The Turnbull Government is targeting particular parts of the country for boutique visa deals as it tries to combat niche skills shortages.
The Government has already granted special visas in industries such as aged care, where bilingual workers are increasingly in demand.
For staff at the Fronditha aged-care centre in Melbourne, speaking Greek is essential to improving the lives of the facility's elderly residents.
A 23-year-old worker named Jenny says she has noticed a huge difference in the relationship residents have with staff who can speak their mother tongue as opposed to those who cannot.
"No way they would let you actually give them assistance with non-Greek-speaking staff. But when we go there and we speak the language, they calm down.
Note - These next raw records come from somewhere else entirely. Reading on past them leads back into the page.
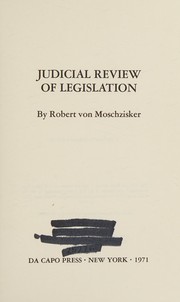 Cover of: Judicial review of legislation.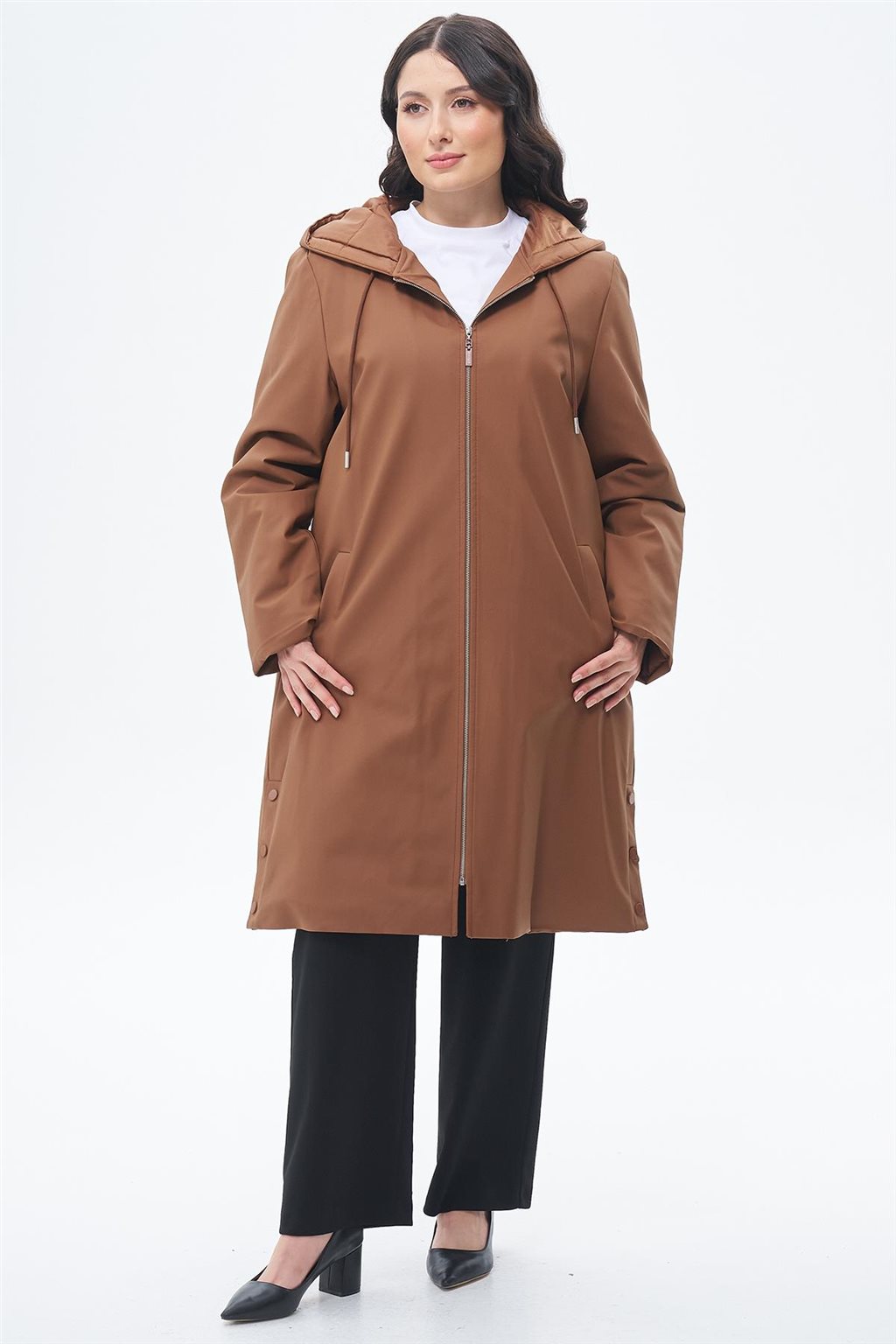Bağcık Detaylı Parka Camel 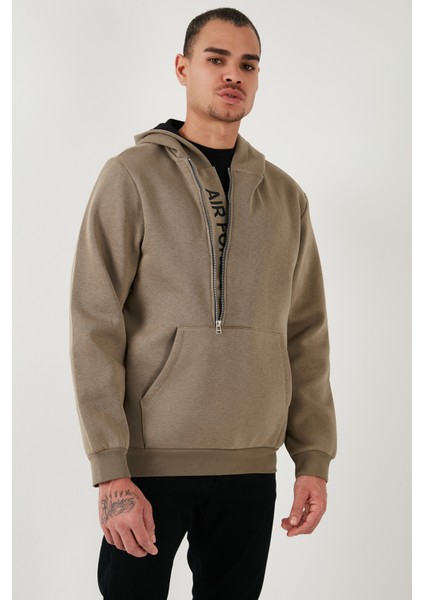 Kanguru Cepli Fermuarlı Kapüşon Yaka Slim Fit Sweat Erkek Sweat 575707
They are much, much better to communicate. They feel that they're in their home and we can actually help them meet their needs."
The Fronditha centre is home to dozens of Greek migrants who have either reverted to their mother tongue as they aged or never quite picked up the English language in the first place.
Fronditha Care chief executive George Lekakis says bilingual aged-care workers are important for the elderly in multicultural communities across Australia.
"The cultural and language capacity of our new staff, they're able to relate to our residents. They also help with the transfer of information to other colleagues who don't speak Greek. So, despite training our staff in the Greek language -- we offered Greek language courses for them -- this way, we supplement our workforce with people who can speak the language."
The Federal Government has recognised that need, offering Fronditha Care an extra 60 special visas to employ more bilingual staff.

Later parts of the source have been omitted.